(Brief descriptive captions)
====

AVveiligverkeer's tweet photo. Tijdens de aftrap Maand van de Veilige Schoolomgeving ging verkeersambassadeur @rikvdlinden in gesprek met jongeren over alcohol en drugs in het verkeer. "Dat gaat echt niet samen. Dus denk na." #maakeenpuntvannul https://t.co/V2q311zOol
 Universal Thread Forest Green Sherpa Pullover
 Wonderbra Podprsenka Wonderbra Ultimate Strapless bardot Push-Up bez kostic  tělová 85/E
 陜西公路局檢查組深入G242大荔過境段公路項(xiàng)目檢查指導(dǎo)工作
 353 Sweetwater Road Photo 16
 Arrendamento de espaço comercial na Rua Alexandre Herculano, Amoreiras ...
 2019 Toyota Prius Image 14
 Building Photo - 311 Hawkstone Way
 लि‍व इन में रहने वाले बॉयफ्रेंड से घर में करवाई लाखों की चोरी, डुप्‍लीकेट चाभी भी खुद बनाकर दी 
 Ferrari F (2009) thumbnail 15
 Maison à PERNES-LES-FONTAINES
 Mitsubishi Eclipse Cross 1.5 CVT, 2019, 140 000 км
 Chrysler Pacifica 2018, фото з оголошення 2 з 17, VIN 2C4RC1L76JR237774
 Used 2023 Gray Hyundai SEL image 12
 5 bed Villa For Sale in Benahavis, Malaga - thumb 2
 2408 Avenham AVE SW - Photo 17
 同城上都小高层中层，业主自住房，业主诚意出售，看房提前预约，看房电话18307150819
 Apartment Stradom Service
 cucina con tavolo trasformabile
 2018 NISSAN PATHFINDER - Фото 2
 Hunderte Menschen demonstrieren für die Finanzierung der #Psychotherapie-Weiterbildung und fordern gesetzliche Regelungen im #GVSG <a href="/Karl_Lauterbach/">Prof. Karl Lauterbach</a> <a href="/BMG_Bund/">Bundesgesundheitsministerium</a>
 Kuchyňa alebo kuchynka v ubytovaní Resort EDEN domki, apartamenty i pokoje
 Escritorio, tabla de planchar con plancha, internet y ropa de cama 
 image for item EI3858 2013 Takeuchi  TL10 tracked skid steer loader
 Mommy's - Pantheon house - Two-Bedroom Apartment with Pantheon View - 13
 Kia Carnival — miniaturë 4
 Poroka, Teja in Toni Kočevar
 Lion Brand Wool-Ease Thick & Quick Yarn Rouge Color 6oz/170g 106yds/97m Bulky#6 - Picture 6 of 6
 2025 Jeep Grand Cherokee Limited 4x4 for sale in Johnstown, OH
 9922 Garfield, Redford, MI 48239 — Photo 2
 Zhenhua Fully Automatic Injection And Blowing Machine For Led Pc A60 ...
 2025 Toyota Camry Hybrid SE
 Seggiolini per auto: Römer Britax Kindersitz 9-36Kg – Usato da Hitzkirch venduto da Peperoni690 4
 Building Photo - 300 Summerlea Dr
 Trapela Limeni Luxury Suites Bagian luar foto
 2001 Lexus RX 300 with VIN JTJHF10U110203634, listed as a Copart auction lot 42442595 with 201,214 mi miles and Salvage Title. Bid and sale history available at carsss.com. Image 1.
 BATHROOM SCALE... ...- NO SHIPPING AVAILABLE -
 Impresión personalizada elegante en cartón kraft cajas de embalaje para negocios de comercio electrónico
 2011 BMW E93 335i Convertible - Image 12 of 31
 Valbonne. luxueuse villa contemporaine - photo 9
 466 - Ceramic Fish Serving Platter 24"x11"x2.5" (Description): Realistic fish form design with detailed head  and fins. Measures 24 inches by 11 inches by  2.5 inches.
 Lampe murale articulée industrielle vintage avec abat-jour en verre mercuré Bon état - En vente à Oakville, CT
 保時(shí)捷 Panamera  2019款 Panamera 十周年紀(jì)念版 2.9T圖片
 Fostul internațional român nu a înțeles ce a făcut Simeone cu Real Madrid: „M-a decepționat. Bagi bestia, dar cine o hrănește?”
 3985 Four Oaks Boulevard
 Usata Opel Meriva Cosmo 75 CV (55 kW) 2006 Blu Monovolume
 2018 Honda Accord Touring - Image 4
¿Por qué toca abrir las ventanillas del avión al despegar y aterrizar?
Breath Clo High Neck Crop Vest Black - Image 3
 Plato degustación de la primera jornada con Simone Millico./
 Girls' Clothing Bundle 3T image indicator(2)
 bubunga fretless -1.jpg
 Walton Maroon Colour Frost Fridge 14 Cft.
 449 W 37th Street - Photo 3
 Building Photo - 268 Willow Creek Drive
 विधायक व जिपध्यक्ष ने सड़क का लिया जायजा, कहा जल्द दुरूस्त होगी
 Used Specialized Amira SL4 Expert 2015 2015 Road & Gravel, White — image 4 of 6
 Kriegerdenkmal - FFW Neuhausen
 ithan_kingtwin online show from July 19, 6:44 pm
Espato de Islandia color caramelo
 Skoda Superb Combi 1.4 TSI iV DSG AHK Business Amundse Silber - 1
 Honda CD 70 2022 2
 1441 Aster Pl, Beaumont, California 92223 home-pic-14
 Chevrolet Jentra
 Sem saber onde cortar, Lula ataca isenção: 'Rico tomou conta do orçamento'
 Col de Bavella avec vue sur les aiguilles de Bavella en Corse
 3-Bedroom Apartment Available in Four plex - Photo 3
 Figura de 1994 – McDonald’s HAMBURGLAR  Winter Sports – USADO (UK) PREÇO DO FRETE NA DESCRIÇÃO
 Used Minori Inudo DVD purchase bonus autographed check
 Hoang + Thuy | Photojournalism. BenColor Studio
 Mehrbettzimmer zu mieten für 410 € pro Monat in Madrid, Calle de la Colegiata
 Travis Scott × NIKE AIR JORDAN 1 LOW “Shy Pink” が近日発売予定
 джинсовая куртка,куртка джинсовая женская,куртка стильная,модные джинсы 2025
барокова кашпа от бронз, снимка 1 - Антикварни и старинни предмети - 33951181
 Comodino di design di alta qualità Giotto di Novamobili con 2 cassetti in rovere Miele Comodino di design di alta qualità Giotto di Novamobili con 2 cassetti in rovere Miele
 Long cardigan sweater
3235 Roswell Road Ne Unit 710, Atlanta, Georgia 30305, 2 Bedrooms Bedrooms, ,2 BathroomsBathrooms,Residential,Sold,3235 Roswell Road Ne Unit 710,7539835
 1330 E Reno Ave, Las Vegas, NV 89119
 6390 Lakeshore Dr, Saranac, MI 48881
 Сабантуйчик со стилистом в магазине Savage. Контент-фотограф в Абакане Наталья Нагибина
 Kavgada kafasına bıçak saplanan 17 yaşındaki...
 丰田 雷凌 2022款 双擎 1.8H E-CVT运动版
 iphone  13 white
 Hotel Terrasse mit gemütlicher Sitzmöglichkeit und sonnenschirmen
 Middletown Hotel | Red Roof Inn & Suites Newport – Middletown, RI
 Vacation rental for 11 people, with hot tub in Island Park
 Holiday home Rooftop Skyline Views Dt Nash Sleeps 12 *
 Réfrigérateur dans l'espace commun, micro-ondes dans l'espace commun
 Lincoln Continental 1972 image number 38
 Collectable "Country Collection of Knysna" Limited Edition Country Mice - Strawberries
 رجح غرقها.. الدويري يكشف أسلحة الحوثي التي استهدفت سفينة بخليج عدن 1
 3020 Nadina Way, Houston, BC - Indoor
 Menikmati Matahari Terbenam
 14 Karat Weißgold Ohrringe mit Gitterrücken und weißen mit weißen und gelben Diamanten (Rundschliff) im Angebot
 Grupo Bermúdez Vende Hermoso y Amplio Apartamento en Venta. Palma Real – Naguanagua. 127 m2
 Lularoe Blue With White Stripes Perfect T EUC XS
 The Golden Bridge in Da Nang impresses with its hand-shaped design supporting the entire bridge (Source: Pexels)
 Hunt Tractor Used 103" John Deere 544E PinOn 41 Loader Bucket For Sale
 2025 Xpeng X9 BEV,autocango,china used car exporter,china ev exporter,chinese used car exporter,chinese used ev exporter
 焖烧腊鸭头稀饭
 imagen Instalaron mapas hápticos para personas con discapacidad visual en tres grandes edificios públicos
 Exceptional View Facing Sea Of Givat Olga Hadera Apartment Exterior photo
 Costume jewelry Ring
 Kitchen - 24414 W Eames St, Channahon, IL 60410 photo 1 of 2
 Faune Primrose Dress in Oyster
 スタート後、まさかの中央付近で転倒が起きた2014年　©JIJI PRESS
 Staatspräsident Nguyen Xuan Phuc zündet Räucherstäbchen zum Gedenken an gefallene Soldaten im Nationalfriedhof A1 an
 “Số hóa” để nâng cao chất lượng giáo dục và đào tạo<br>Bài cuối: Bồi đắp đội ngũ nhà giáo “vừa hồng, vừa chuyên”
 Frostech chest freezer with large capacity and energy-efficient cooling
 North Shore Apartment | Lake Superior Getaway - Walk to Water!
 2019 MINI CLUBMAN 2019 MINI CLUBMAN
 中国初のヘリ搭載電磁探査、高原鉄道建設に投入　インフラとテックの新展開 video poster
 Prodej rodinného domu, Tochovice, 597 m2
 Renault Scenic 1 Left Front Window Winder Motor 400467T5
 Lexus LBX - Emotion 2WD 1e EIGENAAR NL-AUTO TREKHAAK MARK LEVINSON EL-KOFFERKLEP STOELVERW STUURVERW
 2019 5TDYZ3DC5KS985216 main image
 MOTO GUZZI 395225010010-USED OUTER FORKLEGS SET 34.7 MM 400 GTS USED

====

### Work order
In the entries above, find the line with "despegar y aterrizar?" and the line with "Chevrolet Jentra", then set down exactly those two and every line between them, nothing else.

### Task answer
¿Por qué toca abrir las ventanillas del avión al despegar y aterrizar?
Breath Clo High Neck Crop Vest Black - Image 3
 Plato degustación de la primera jornada con Simone Millico./
 Girls' Clothing Bundle 3T image indicator(2)
 bubunga fretless -1.jpg
 Walton Maroon Colour Frost Fridge 14 Cft.
 449 W 37th Street - Photo 3
 Building Photo - 268 Willow Creek Drive
 विधायक व जिपध्यक्ष ने सड़क का लिया जायजा, कहा जल्द दुरूस्त होगी
 Used Specialized Amira SL4 Expert 2015 2015 Road & Gravel, White — image 4 of 6
 Kriegerdenkmal - FFW Neuhausen
 ithan_kingtwin online show from July 19, 6:44 pm
Espato de Islandia color caramelo
 Skoda Superb Combi 1.4 TSI iV DSG AHK Business Amundse Silber - 1
 Honda CD 70 2022 2
 1441 Aster Pl, Beaumont, California 92223 home-pic-14
 Chevrolet Jentra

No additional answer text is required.